First, how is the family into which you are born determined? Who knows? Then there’s the matter of where and how you live. A company executive for Pittsburgh Plate Glass Co. decided that my father would be manager of a paint-and-glass branch in St. Joseph, Mo. So that’s where my brothers and sister and I grew up. Our economic status was also determined in that way, and we lived modestly, but comfortably.
By contrast, years ago on assignment as a newspaper reporter in Mexico, I visited the main garbage dump in Mexico City to do a story about the nuns – members of Mother Theresa’s religious order – who worked among the people who lived there permanently.

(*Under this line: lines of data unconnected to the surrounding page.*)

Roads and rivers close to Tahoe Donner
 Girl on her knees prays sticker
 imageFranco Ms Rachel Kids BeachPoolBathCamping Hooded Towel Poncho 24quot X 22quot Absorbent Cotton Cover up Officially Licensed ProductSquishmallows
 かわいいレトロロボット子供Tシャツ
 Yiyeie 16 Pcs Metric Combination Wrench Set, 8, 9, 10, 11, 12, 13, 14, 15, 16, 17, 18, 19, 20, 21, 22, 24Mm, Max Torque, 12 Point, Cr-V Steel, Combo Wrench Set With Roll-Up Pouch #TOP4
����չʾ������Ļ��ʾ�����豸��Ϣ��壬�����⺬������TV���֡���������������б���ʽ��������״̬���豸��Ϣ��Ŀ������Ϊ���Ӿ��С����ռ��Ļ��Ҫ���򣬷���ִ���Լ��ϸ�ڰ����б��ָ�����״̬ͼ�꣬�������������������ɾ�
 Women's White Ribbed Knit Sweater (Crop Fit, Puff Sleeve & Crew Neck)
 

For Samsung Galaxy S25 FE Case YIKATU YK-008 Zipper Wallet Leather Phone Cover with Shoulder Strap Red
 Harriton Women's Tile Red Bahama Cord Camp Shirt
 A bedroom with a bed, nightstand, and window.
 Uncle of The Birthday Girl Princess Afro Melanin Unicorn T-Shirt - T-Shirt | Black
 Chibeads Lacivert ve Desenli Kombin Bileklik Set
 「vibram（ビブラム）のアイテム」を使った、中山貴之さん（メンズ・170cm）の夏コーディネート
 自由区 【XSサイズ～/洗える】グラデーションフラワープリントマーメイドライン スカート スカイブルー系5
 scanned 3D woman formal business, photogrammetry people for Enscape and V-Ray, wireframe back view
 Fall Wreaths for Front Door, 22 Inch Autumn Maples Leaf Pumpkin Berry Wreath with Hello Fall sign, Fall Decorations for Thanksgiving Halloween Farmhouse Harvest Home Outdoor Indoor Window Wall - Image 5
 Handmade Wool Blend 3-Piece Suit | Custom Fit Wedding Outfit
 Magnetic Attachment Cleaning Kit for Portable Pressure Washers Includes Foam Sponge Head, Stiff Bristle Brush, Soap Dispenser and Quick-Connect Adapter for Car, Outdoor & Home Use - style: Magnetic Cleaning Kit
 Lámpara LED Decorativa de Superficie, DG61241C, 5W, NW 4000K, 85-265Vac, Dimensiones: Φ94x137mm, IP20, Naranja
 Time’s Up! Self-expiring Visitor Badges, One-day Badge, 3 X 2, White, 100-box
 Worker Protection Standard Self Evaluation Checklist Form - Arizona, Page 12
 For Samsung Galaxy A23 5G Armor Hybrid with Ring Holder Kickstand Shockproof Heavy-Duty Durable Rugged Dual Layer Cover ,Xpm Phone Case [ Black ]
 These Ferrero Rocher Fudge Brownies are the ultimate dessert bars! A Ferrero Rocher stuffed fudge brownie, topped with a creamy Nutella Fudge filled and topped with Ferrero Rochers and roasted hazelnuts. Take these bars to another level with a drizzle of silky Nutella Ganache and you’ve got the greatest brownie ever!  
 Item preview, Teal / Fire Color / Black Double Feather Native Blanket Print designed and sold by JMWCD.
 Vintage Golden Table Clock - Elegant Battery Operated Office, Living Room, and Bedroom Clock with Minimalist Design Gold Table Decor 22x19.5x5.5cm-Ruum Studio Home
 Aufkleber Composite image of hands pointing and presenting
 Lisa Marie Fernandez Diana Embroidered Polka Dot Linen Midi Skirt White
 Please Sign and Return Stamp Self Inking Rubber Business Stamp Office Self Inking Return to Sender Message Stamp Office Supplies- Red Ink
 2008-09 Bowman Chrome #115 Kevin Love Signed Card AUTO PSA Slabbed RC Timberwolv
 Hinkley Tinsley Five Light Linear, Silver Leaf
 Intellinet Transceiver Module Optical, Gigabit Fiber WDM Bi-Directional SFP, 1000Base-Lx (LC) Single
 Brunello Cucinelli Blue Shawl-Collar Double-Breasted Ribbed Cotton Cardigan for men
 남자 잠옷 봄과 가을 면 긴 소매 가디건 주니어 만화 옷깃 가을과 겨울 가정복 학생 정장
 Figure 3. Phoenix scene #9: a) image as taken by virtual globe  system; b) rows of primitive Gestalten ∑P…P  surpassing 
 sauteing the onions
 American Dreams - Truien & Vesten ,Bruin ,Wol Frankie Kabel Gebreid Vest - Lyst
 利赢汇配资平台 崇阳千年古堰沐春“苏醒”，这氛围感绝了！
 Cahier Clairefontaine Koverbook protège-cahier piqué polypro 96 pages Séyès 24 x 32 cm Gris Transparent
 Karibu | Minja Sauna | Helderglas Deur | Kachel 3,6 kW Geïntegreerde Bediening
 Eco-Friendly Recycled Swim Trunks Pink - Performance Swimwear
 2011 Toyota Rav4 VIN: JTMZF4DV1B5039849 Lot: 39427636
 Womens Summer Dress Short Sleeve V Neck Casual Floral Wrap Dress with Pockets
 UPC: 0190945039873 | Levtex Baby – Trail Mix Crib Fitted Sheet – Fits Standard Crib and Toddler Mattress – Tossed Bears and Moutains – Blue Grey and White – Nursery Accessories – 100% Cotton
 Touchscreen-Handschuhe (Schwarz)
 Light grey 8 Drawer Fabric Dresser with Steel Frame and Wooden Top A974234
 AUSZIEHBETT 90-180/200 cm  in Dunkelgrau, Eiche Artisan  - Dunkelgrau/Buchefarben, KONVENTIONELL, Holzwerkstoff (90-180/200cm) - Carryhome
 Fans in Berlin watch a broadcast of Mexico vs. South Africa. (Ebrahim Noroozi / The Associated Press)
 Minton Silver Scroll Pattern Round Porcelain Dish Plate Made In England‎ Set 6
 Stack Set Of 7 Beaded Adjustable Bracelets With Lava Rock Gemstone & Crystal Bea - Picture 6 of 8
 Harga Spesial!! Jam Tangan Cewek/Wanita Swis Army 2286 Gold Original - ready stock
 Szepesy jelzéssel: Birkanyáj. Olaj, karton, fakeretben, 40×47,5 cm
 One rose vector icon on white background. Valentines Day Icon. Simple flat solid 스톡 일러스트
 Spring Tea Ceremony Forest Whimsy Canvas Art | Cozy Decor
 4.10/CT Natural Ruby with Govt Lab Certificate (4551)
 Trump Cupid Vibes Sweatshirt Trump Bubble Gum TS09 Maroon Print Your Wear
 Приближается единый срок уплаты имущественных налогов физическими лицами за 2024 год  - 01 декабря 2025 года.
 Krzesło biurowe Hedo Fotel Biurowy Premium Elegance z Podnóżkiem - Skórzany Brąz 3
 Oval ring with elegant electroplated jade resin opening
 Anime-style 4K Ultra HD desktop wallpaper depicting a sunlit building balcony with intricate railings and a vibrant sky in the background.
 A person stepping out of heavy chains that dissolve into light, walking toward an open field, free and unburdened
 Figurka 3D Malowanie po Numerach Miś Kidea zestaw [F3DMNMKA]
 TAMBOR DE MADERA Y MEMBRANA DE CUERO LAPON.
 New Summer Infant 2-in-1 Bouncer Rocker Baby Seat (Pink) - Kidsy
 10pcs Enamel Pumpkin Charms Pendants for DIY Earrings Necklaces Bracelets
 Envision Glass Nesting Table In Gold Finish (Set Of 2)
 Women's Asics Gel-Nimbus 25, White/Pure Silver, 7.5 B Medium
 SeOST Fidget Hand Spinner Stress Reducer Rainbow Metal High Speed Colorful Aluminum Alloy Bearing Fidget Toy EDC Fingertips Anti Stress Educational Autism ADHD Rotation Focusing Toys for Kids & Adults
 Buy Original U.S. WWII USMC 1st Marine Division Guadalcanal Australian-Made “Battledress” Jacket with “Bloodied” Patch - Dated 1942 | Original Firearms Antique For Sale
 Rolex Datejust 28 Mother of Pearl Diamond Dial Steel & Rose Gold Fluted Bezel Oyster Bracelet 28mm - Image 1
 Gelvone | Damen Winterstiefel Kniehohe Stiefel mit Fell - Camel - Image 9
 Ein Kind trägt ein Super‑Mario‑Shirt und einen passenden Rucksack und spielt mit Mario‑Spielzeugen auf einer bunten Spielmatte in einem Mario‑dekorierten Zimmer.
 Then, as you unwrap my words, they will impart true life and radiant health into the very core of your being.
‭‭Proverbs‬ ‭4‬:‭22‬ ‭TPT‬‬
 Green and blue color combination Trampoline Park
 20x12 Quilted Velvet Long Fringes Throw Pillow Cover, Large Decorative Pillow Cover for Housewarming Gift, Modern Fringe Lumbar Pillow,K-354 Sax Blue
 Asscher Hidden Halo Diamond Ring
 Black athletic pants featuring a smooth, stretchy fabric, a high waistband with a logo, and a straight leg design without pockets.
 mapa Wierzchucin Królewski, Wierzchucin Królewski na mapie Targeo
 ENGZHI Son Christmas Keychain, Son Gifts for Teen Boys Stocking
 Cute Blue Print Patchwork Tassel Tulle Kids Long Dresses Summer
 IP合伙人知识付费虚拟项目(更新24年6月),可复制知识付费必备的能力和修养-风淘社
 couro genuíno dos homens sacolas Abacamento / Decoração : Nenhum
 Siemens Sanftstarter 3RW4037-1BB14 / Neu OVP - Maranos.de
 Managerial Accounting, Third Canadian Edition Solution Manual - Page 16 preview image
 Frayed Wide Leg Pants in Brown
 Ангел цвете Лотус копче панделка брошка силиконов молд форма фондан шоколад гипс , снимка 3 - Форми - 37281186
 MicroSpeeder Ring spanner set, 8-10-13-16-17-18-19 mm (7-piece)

The dump is indescribable. My taxi driver refused to go closer than two blocks, saying the odor was too disgusting and the place too dangerous. I walked from the cab to the nuns’ house and that afternoon, went with a couple of them as they visited people in the squalor of the dump, which I estimate to have been several square miles in size.
Unbelievable
Yes, I wrote above that people actually lived in the dump, as unbelievable as that may seem. Their huts were made of whatever materials they could find. Often it was cardboard.
The nuns took me to visit a man who was dying in one of the huts. Walking the equivalent of a couple of blocks over trash and garbage that included dead rats, we entered the hut, lit by a single bulb (I don’t know how or where he got electricity.), hanging from the ceiling. He was alone, lying on a ragged cot. The nuns brought him water but otherwise simply tried to comfort him.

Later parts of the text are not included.